Comandar ou ser comandado: eis a questão!

“No hay verdad sin justicia”. (Suprema Corte da Argentina)

 

Quem são os traidores da Democracia Brasileira, da Constituição Federal e do Governo do Presidente Lula eleito pelo voto popular em outubro de 2022? Em nossos dois últimos artigos Historia magistra vitae  e Tudo foi facilitado dedicamo-nos a refletir sobre o golpe neofascista do dia 08 de janeiro, sob dois aspectos: primeiramente apoiando-nos no conceito de Mito Fundador desenvolvido pela filósofa Marilena Chauí voltado para explicar o autoritarismo, alicerçado na teologia política cristã da soberania divina e na graça de Deus, sobre o qual se ergueu o edifício político institucional e social brasileiro, cuja base material era o sistema econômico escravista e latifundiário; no segundo texto, a partir de três momentos documentados pelas câmeras das mídias sociais, tecemos nossas ponderações acerca da concertação planejada para a realização do referido golpe de Estado, com fartas evidências da omissão, aquiescência e incentivo das forças militares, federal e distrital.

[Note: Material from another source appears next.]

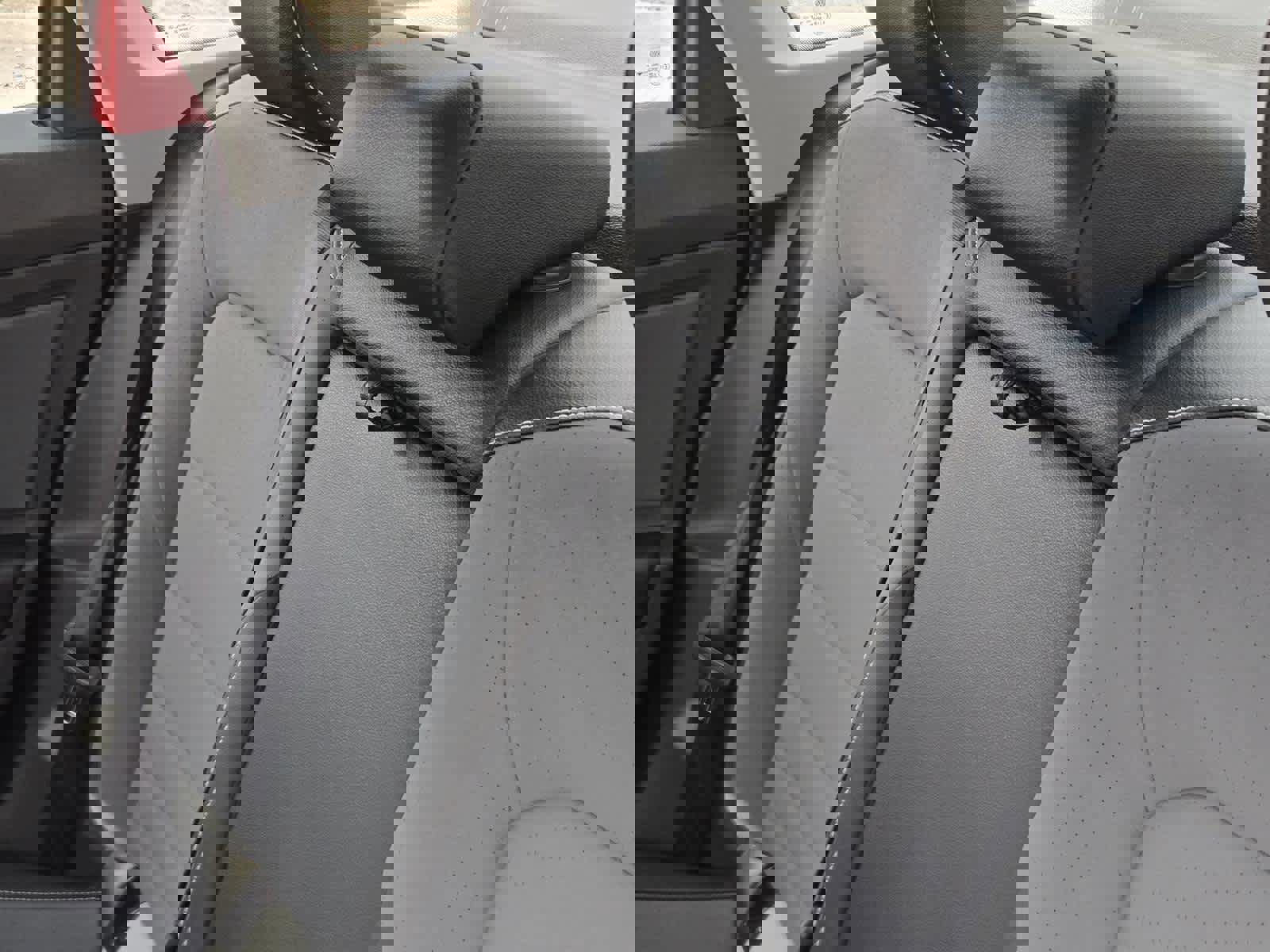 Certified 2025 Volkswagen Jetta SE w/ Sunroof Package image 17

De fato, nos acampamentos espalhados pelas capitais brasileiras, onde se concentrava a turba golpista acolhida pelos quartéis do Exército brasileiro logo após a conclusão da eleição no dia 30 de outubro, encontravam-se, por exemplo, esposas de militares graduados (generais), como demonstram os vídeos em redes sociais, e suas famílias, todos adestrados a urrar em coro pela intervenção militar. Em Fortaleza, o gen. André Campos Allão, comandante da 10ª Região Militar do Exército, em discurso para a tropa, circulando em vídeo desde o dia 18/11/2022, afirmou que se manteria atuando para proteger aquelas pessoas “mesmo que existam ordens de outros Poderes [Judiciário] no caminho contrário”. Um flagrante ato de desobediência à Lei enquanto servidor do Estado brasileiro. Nenhuma punição lhe foi imposta pelo então presidente da República, denotando evidente descumprimento (prevaricação) funcional.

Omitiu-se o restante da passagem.